Last week I attended the NYeHealth (http://nyehealth.org) Digital Health Conference. What a phenomenal conglomeration of smart people and great ideas. I left feeling so inspired and full of ideas about how to leverage data and technology to drive better care.
George Halvorsen of Kaiser Permanente gave the keynote address on Day 1 (https://speakerdeck.com/nyec/keynote-address-george-halvorson) . His take home on how we improve the healthcare system? "Make the right thing easy to do". Jim Messina headlined on the second day with juicy details of the Obama re-election but more importantly, insights into the way that data fundamentally informed the success of the campaign. His message: we need a similar rigor in designing the healthcare system of the future.
There were elegant apps from medical entrepreneurs like Virgil Wong (http://medicalavatar.com) which uses a "ghost of Christmas future approach to show smokers what will happen to their bodies if they don't quit. It actually works! (http://virgilwong.com/research/).

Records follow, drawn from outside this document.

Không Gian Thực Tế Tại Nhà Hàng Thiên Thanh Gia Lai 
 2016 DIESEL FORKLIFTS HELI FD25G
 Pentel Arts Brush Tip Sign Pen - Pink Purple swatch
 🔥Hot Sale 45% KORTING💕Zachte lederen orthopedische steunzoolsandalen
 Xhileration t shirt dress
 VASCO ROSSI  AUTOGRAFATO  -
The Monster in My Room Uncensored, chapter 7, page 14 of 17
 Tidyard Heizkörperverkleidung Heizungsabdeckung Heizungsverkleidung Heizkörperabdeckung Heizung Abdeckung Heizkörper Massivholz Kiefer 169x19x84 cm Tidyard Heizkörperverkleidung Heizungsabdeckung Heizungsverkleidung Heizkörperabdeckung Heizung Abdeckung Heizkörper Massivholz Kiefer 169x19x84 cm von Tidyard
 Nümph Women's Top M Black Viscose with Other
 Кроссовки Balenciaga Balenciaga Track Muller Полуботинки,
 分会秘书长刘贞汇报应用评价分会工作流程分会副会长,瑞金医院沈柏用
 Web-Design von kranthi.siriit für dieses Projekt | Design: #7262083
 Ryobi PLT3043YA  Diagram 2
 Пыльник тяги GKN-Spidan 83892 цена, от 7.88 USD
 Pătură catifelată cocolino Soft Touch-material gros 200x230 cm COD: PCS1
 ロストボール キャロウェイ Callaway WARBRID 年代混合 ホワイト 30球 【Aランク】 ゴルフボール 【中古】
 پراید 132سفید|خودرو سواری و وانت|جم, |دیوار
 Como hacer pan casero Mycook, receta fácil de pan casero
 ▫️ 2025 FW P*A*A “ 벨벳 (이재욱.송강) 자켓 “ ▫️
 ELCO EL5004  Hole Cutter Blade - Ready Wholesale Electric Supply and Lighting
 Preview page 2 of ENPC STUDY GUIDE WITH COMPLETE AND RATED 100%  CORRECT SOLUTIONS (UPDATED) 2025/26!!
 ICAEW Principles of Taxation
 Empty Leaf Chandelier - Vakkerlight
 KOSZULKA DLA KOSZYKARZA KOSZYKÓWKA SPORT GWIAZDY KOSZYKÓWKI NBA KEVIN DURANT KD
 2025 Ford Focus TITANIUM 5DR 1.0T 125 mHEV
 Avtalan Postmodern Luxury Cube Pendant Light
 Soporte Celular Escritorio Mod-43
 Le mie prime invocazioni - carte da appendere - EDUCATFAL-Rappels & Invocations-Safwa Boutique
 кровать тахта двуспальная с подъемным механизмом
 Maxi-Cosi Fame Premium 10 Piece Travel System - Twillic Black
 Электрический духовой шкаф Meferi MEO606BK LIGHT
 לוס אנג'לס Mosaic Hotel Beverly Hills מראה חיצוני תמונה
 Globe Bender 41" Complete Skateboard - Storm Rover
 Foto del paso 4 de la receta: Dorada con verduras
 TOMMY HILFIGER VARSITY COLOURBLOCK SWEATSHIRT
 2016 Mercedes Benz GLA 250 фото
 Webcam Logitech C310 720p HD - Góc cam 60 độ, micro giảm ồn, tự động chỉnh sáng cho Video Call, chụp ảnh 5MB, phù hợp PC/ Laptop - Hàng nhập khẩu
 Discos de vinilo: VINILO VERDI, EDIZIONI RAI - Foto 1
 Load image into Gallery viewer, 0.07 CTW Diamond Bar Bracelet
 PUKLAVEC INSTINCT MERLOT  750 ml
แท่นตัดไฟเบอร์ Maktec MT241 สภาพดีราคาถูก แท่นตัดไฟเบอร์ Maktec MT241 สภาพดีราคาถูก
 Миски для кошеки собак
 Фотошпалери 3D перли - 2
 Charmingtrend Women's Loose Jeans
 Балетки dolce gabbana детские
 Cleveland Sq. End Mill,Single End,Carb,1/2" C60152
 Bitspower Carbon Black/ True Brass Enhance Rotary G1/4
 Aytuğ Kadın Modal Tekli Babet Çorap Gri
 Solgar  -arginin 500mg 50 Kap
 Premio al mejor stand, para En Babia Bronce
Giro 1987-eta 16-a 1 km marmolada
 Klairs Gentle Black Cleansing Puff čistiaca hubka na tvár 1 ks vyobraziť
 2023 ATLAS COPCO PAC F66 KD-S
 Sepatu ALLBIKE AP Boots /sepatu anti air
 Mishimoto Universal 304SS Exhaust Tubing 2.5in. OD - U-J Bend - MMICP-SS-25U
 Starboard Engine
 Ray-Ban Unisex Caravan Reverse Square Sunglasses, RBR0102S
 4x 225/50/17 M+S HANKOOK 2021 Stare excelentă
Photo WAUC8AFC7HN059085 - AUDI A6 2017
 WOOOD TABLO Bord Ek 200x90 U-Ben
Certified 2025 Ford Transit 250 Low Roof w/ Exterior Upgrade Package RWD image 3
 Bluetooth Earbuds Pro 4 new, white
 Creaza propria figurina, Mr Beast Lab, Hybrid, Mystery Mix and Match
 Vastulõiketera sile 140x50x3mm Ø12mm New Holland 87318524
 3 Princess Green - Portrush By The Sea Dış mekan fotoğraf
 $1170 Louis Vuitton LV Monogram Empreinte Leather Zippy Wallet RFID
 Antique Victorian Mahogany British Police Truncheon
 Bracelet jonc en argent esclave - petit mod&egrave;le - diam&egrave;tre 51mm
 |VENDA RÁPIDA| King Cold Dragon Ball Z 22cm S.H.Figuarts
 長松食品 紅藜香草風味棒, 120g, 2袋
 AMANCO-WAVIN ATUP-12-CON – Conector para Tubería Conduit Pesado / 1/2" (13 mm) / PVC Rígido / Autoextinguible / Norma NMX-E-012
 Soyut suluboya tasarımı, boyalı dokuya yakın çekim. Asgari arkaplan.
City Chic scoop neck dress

Dr Heather Evans, a trauma surgeon, shared her experience using Googleglass including connecting to her colleague doing a live hernia repair. The possibilities around documenting the care process and education are really exciting.
I was really delighted to attend a session targeted to connecting socioeconomically challenged populations with health IT (https://speakerdeck.com/nyec/promoting-the-utility-of-patient-portals-for-safety-net-populations-with-low-literacy).
I've blogged before about my work at St Barnabas in the Bronx (http://drgeraldinemcginty.com/blog/2013/10/28/good-fundamentals). While I know that the innovations I saw at the conference could be really influential in improving population health I also know there are significant hurdles to be overcome before they can be made available to people living in poverty and facing complex health issues.
My main takeaway was that there is a vibrant start up health IT community in NYC. I feel fortunate to be practicing here.